A group of lawyers, retired judges and human rights defenders from around Asia who gathered in Hong Kong during 2006 did not have time for such talk. By contrast, what they concluded was that the primary cause of judicial corruption was the non-separation of powers between the judiciary and executive. They identified secondary causes as including the lack of clear and effective procedures on appointment and remuneration of judges and for making of complaints against officials, and the lack of specialised investigators, equipment and laws.
What are the real causes of judicial corruption and malpractice in Burma? For all intents and purposes, the courts there are under complete control of the executive, as is everything else. The primary cause for judicial corruption and wrongdoing is the control of the courts by government ministries, which are in turn controlled by the military. As to the secondary causes, the executive also controls appointment of judges, pays them very badly, and runs one of the most primitive investigating systems in Asia.

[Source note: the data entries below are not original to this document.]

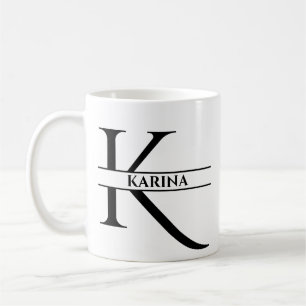 Mug Lettre initiale K élégante personnalisée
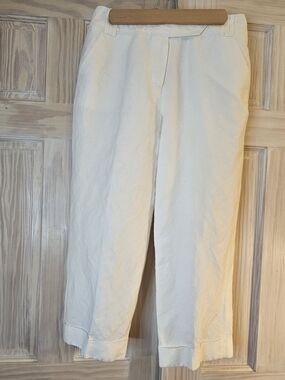 Larry Levine White  Linen Blend Cropped Wide-Leg Pants In Size 8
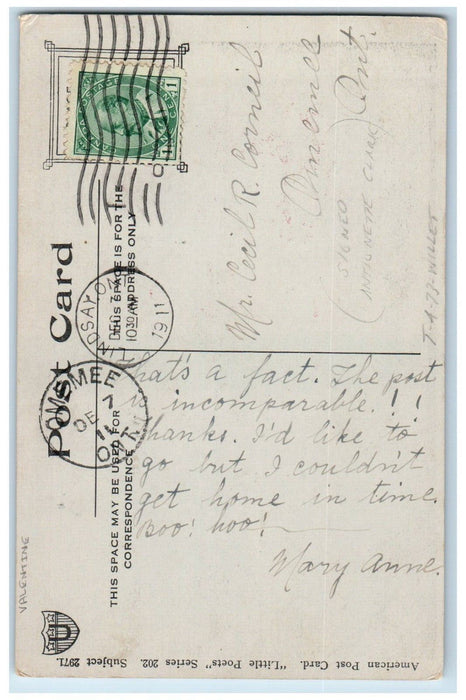 1911 Valentine Children Candy's Lindsay Omemee Ontario Canada Antique Postcard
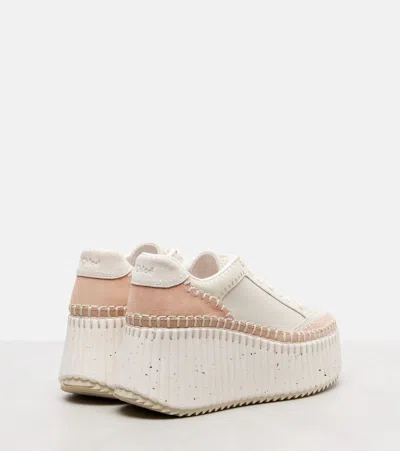 Chloé Platform Speckled Mix Leather Sneakers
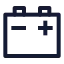 Automotivebattery icon with stroke sharp style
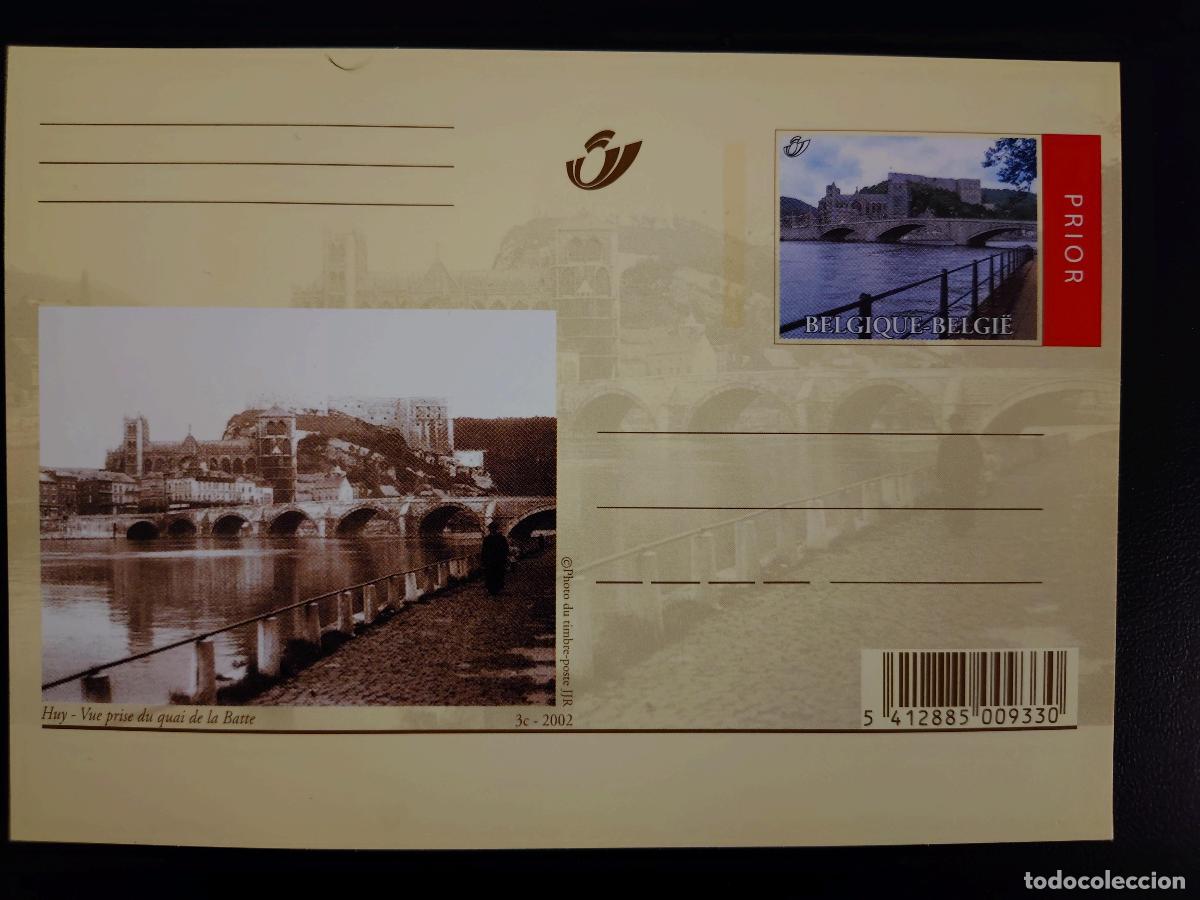Sellos: Tarjeta postal B&eacute;lgica 2002 Huy vista desde el muelle de la Batte stationery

The day after the prime minister’s speech, state-run newspapers carried announcements that people are entitled to make complaints against state officers whom they believe have committed wrongs. As in earlier similar announcements, complainants are invited to complain to the source of their grievance: complaints against officials of the Supreme Court may contact the court; those against officials in the attorney general’s office may contact the office, and so on.
What happens to complainants in Burma? Suppose a person answer one of these announcements with a grievance. U Tin Nyein complained about government officials who knocked down a dyke and destroyed his crops; he got two years’ jail, and only succeeded in getting out this January, after winning his appeal in the Supreme Court. U Aye Min and U Win Nyunt are in jail for complaining about corruption by officials in the same township, even though their complaint was originally accepted by the township authorities, only to be overruled by higher-ups. They lost all their appeals. Daw Khin Win has been in jail since last November for complaining about theft of land and cattle by local government officers in her area: her appeal is still pending.
The reason that this supposed system for making complaints is actually no system for making complaints is the same as virtually everywhere in Asia: it is not independent. A person unhappy about a prosecutor taking bribes must complain to the prosecutor’s own office. A person unhappy about a judge must complain to his place of employment. This is no solution: rather, and in Burma especially, it just opens the complainant to persecution by those whom he had sought to hold to account.
By contrast, the most vivid example of an effective counter-corruption campaign in Asia can be found in Hong Kong. There, the Independent Commission Against Corruption was established in 1974 after intense public outcry over massive abuses by government officers, especially among the police. The Hong Kong government did not put it down to “personal weakness”. Rather, it began from the understanding that the deep systemic problems resulting in gross misuse of power and malfeasance required a complete separation of the receiving, documenting, investigating and prosecuting complaints from the rest of the state apparatus. The governor at the time acknowledged that,
“I think the situation calls for an organization, led by men of high rank and status, which can devote its whole time to the eradication of this evil; a further and conclusive argument is that public confidence is very much involved. Clearly the public would have more confidence in a unit that is entirely independent, and separate from any department of the Government, including the Police.”
This is a more useful starting point for talk on corruption and malpractice than that it is “not because of the system… but because of personal weakness”. And while we shouldn’t expect any better from the generals hanging on to power in Burma, we can expect it from the people of Burma, and others outside of the country concerned about prospects for human rights and the rule of law there.
The Asian Human Rights Commission therefore calls upon judges, lawyers, prosecutors, government officers, human rights defenders, complainants, prospective complainants and other interested persons inside Burma and abroad to use the speech by General Soe Win as an opportunity: talk more intelligently than the prime minister. Talk about what can really be done to rid the country’s courts, police stations and government offices of the overwhelming corruption and malpractice afflicting them today.